20. But even if the Court determined that Geico’s interpretation is also reasonable, then we are left with policy language that is susceptible to two reasonable interpretations. The Plaintiff’s interpretation must therefore prevail. Ruderman, 117 So.3d at 948.

21. Although Geico may not like this result, it is bound by the language of its own choosing. Berkshire Life Ins. Co. v. Adelberg, 698 So.2d 828, 830 (Fla. 1997) [22 Fla. L. Weekly S513a](Insurers are bound by the language of their own choosing, regardless of whether under the policy language results in a good or bad bargain for the insurer.). If Geico meant something different from the plain text of the policy, then it was required to unambiguously draft the contract accordingly. Id. Courts are not permitted to revise an otherwise valid insurance policy to make it more reasonable or advantageous for an insurance company that used imprecise language providing coverage that is greater than coverage the insurance company may have originally contemplated. Stack v. State Farm Mut. Auto. Ins. Co., 507 So.2d 617, 619 (Fla. 3d DCA 1987). In short, the insurer — not the insured — bears the risk of poorly drafted or imprecise language.

22. In conclusion, Geico breached the insurance contract because it failed to pay the full amount of the charges submitted even though they were less than 200% of the allowable amount under the participating fee schedule of Medicare Part B. Instead, Geico paid only 80% for CPT 99203 performed on September 18, 2013 and CPT 99213 performed on October 1, 2013. As a result, Plaintiff suffered principal damages in the amount of $63.206.

It is therefore:

ORDERED AND ADJUDGED THAT final judgment be and the same is hereby entered in favor of Plaintiff, County Line Chiropractic Center, Inc., and against the Defendant, Geico General Insurance Company, whose address is 5260 Western Avenue, Chevy Chase, Maryland, in the amount of $63.20 as principal damages, plus $13.98 as prejudgment interest for a total amount of $77.18, which shall bear interest at the rate established by law for which sum let execution issue forthwith.

The Court hereby determines that the Plaintiff is entitled to recover its reasonable attorneys’ fees and taxable costs and retains jurisdiction to determine amounts thereof.

__________________

1On June 18, 2018, Defendant Geico General Insurance Company (“Geico”) filed “Defendant’s Motion for Final Summary Judgment.

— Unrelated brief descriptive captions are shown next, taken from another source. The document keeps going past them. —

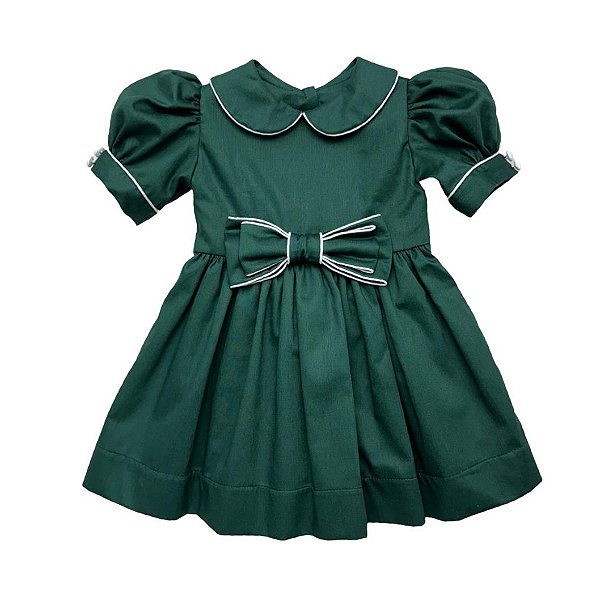Vestido Infantil Classico Verde - Oxford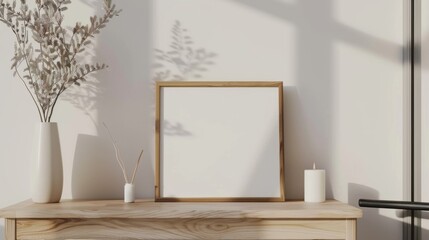 A minimalist home office with white walls and a wooden desk. The desk features a blank picture frame and a small lamp. Bright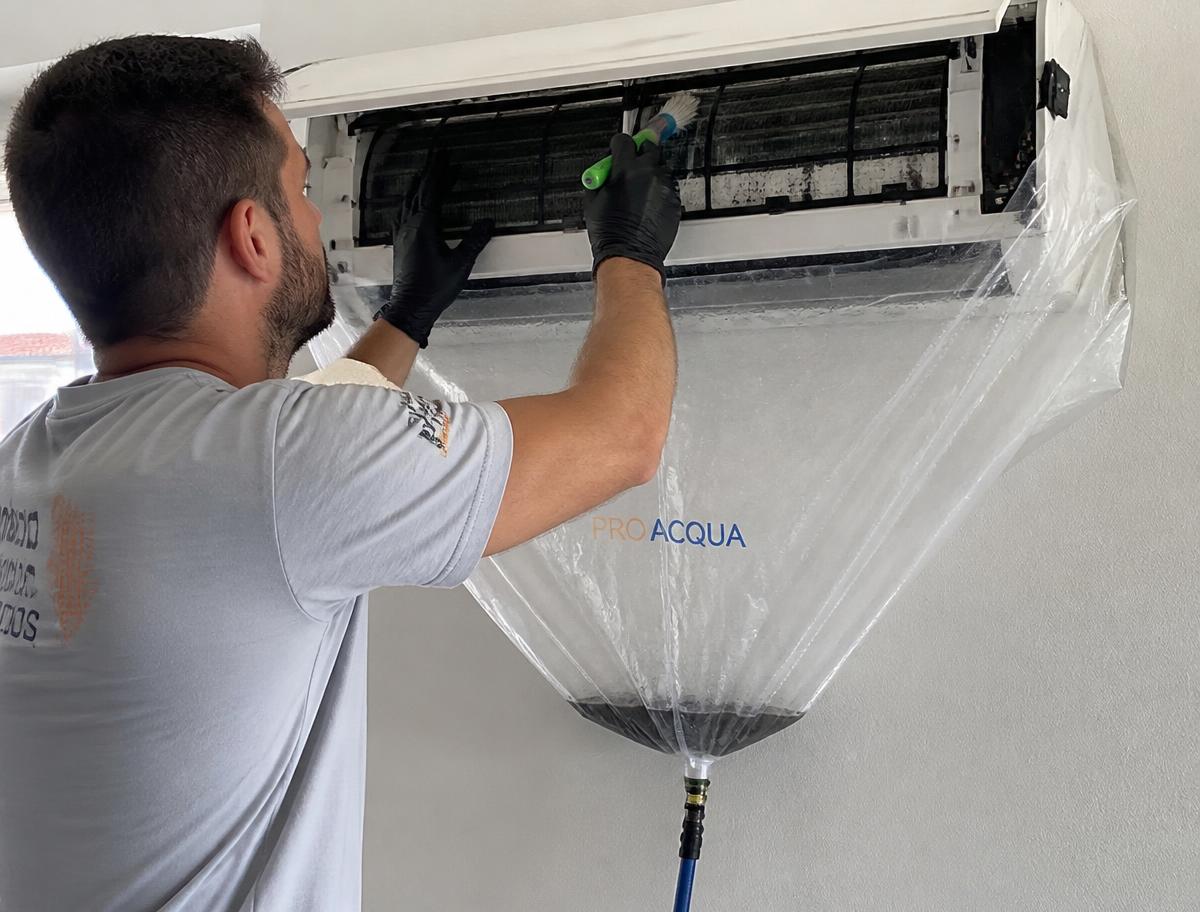 Higienização de unidade interna de ar-condicionado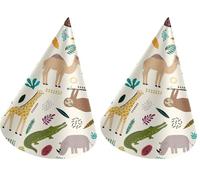 Folat 68329 Chapeaux de fête Papier Zoo Party-6 pièces, Multicolore (Lot de 2)
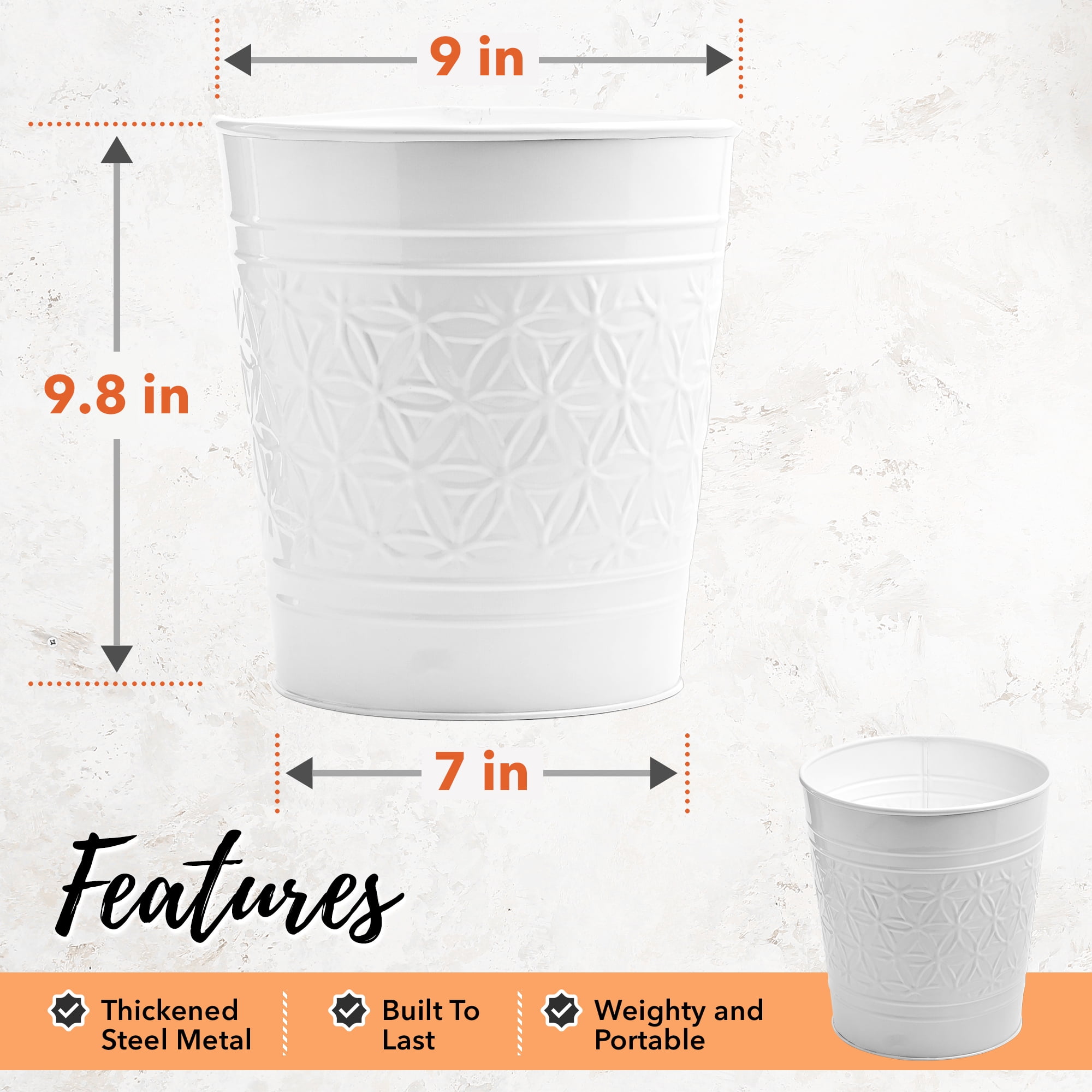 Autumn Alley White Bathroom Trash Can, Round Open-Top Bathroom Trash Can White Stylish and Durable Wastebasket for Home or Office Pretty Decorative Waste Basket Decor, Durable, White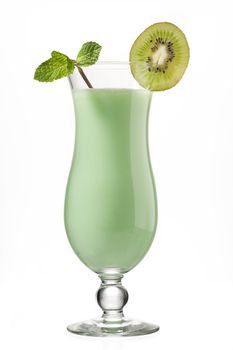 kiwi juice with slice of kiwi and peppermint on a white background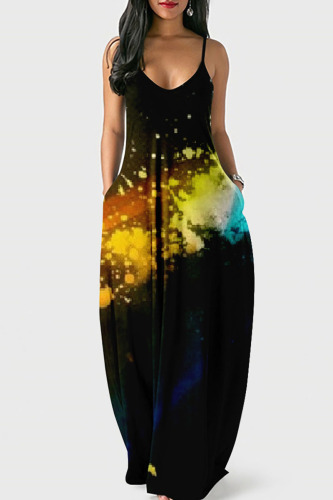 Black Street Print Patchwork Spaghetti Strap Lantern Dress Dresses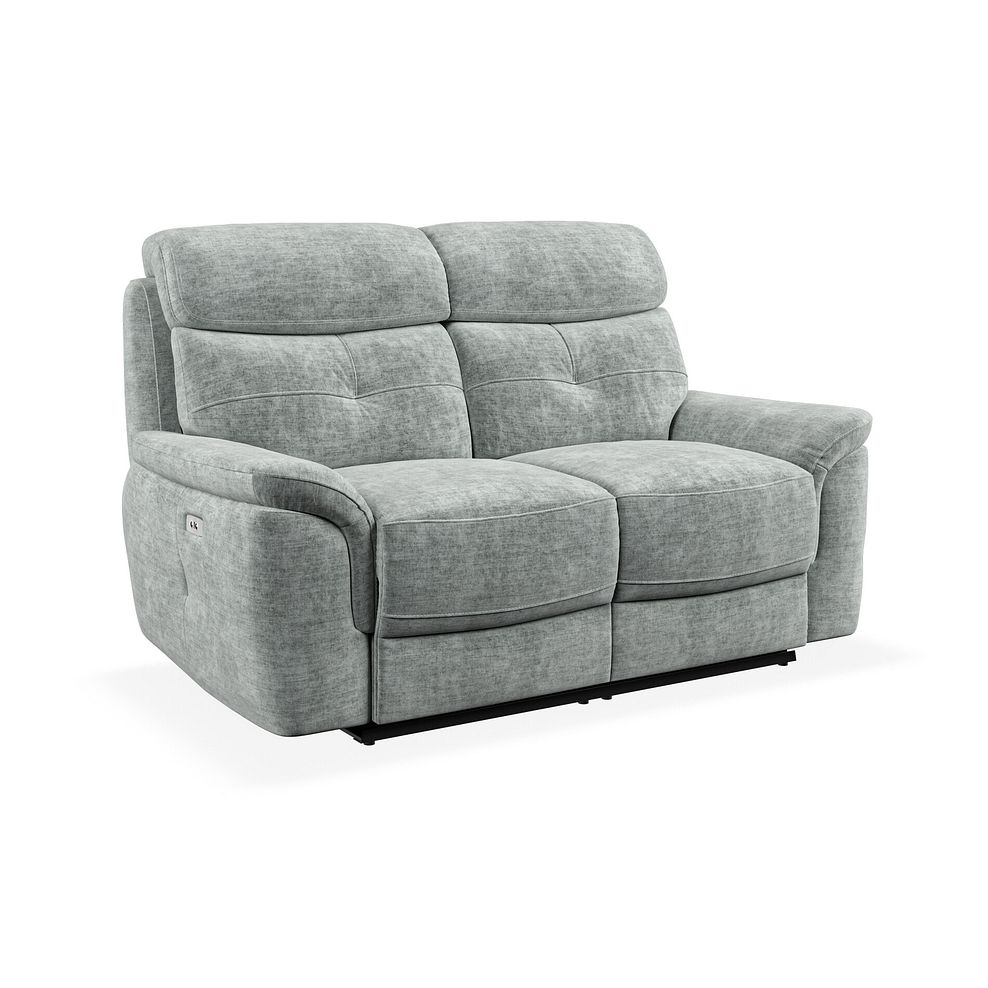 Iver 2 Seater Electric Recliner Sofa in Plush Silver Fabric 3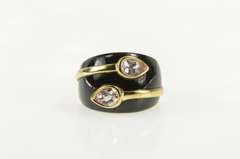14K Yellow Gold Pear Pink Topaz Black Onyx Domed Carved Ring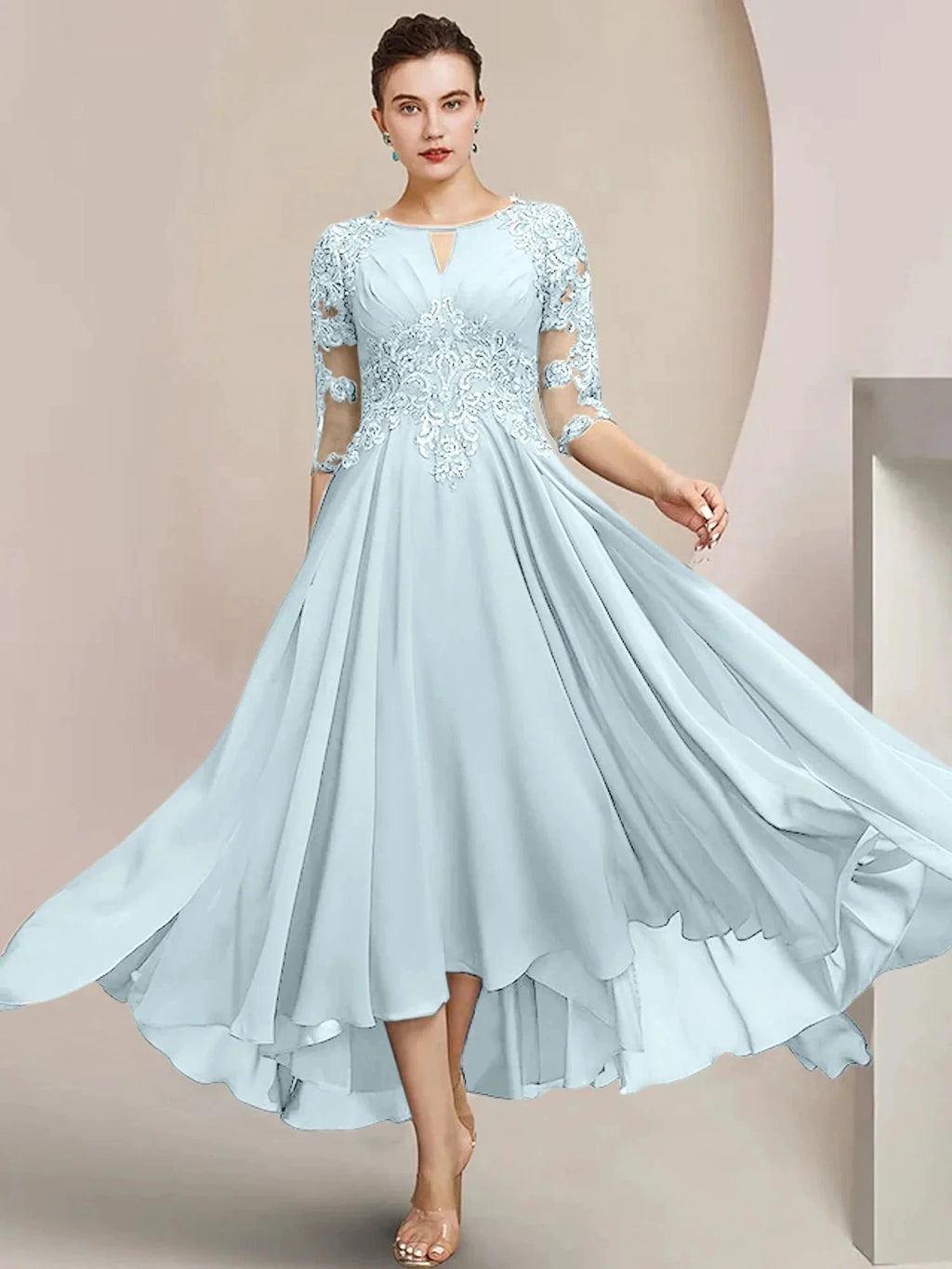 A-Line/Princess Scoop Tea-Length Mother of the Bride Dresses by Dreamylily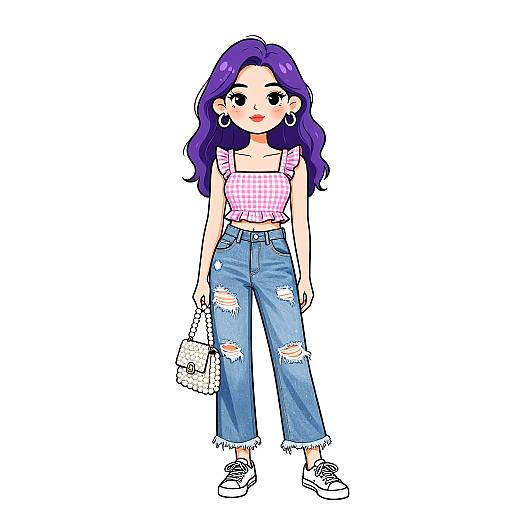 Casual Chic Woman in Pink Gingham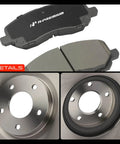 Heavy Duty Front Brake Rotors And Top Shelf Ceramic Pads Set For Jeep Compass Cherokee And Mitsubishi Outlander Lancer 11 57 Inch 294Mm close-up of ceramic pads and rotors details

On June 20, 2018, Geico filed “Defendant’s Response in Opposition to Plaintiff’s Motion for Final Summary Judgment. Both documents are identical.

2For purposes of this case, Plaintiff does not dispute that Geico sufficiently elected the fee schedule payment methodology.

3This language appears at section A(6) on page 3 of Geico’s FLPIP (01-13) Florida Policy Amendment.

4CPT 99203 is the current procedural terminology for an office examination of a new patient.

5CPT 99213 is the current procedural terminology for an office examination of an established patient.

6$40 (20% of $200.00 charged for CPT 99203) + $23.20 (20% of $116.00 charged for CPT 99213) = $63.20.